Adam Sandler hangs out with a sage spider in the charmingly odd Spaceman

Without a silly voice or Kevin James in sight, Adam Sandler stars as a lonely astronaut in Johan Renck’s melancholic Spaceman. It’s a genuine and psychologically stirring voyage, writes Luke Buckmaster.

In space nobody can hear you scream—or yelp in surprise when a giant alien spider scurries on board your ship for a chinwag. In Spaceman, Adam Sandler’s hangdog-looking astronaut Jakub is desolate and sleep-deprived, hundreds of millions of miles from his pregnant wife, Carey Mulligan’s Lenka. There’s a sense of growing disconnect between them—more a matter of emotional than physical distance.

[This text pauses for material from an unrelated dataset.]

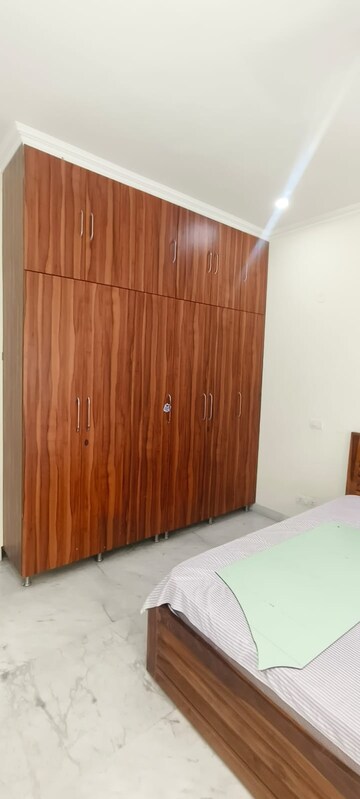 3 BHK Builder Floor For Rent in Sector 27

Director Johan Renck, best-known for helming Chernobyl, emphasises the loneliness of space, like so many other films—but spectacularly detours from the pack when the aforementioned arachnid arrives to share sage insights about the nature of life as well as other, less lofty subjects, such as the pleasures of hazelnut spread.

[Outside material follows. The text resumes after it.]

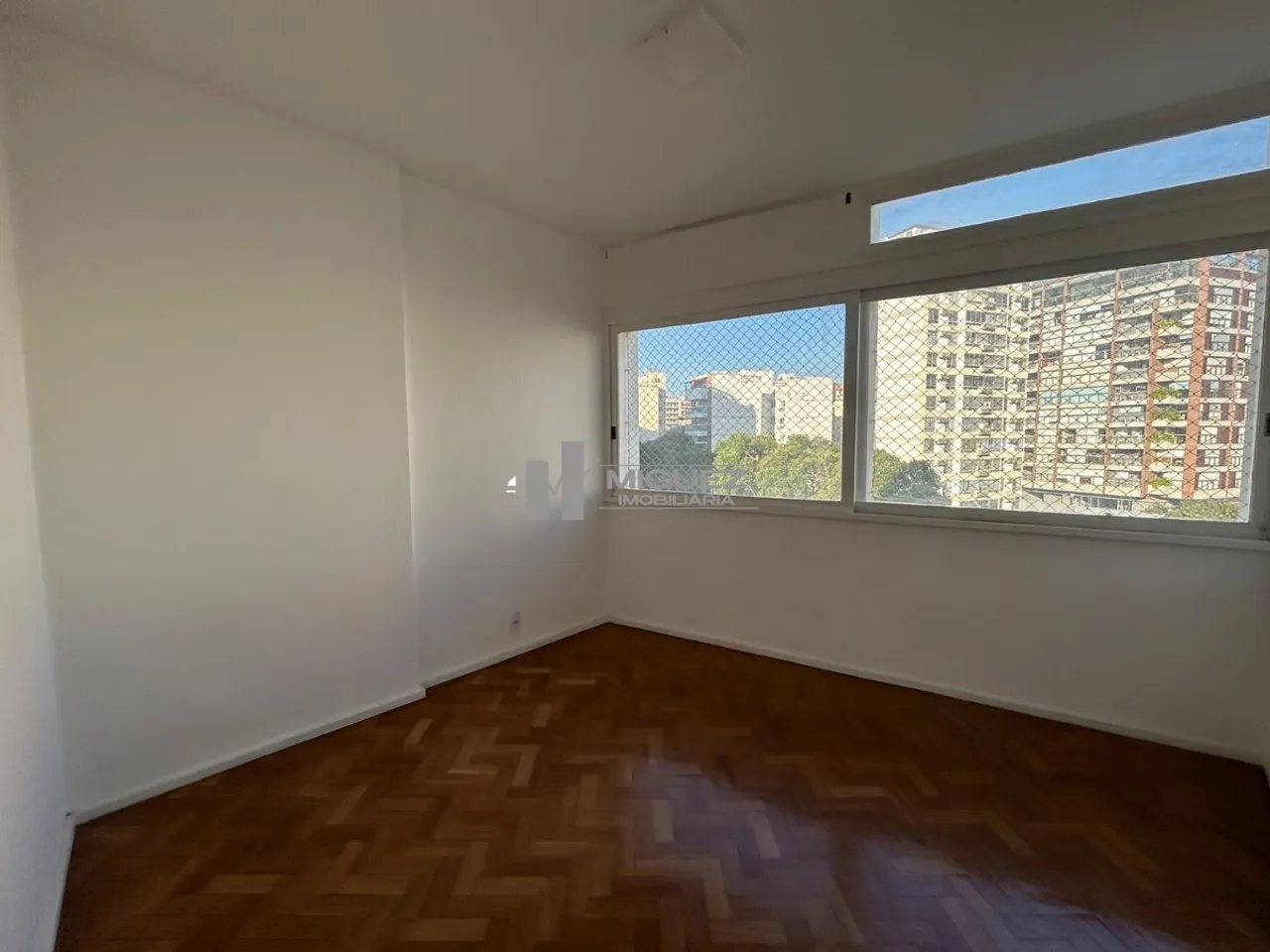 3-bedroom, 3-bath apartment with 1 parking space — photo 8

“The universe is as it should be,” the spider (voiced by Paul Dano) whom Jakub names Hanus says, suggesting a rather zen, well-balanced outlook. This furry spindly-legged fellow is no pushover, however, and he’s not averse to a wee bit of lecturing, admonishing Jakub by noting that his child will soon enter the world and “you are not there.” The obvious question, given the protagonist’s already rattled mind frame—a point emphasised through a nightmare sequence involving an insect rummaging around under his skin—is whether the spider is real or Jakub is non compos mentis.

That question however isn’t the point, or much of the focus, of this modestly charming and quirky slice of cosmos contemplation that uses the infinite possibilities of the universe to free up some aspects of the drama, allowing the integration of things—mainly the spider—that might seem ridiculous otherwise. And we buy it, or at least I did: to me the cross-species relationship at the heart of the film felt totally genuine, once the initial wackiness wears off and the experience finds its gentle introspective rhythms. Renck reminds us that realism comes in various forms; it can be emotional as much as logic or plausibility based.

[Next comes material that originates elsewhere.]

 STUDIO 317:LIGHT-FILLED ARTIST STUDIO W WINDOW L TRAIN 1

For a film about a dude floating around in space while gasbagging with a giant spider, in other words, Spaceman sure feels grounded and real. At the same time Renck pulls off a kind of swirling, floating psychological energy, or anti-gravity emotionalism, some feelings coming and going as they bob around Jakub’s brain—but the deep ones, rooted in his psyche, remaining ever-present, unescapable no matter how many millions of miles are traveled. Lenka (played poignantly by Mulligan) is crucial to this, despite her and Jakub’s locational disconnect. As is the question of whether it’s right for Jakub to leave her and their unborn child at this moment in their lives.

The script, adapted by Colby Day, carefully avoids suggesting the importance of the mission—involving the collection of ancient dust—outweighs a moral responsibility the protagonist has to his loved ones. Early in the film, Lenka records a video in which she breaks up with Jakub, his handlers at ground control understandably wanting to keep this from him. If it initially seems a little harsh to split from your partner while they’re floating in a tin can in outer space, undertaking a potentially significant mission for humankind, we come to see things from her perspective and it’s the protagonist’s attitudes, rather than her’s, that require readjustment.

Some of the film’s ideas, presumably cribbed from the source material—Jaroslav Kalfař’s novel Spaceman of Bohemia—are a little familiar. Space as the alpha and omega, folding together the sheets of the universe, unifying past and present, enabling cosmic clarity during long dark voyages of the soul—like in Ad Astra, Interstellar, 2001: A Space Odyssey and many others. But the execution, devoid of levity and self-consciousness, feels pretty fresh and you never doubt Spaceman‘s commitment to the psychology of its characters—even the non-human one.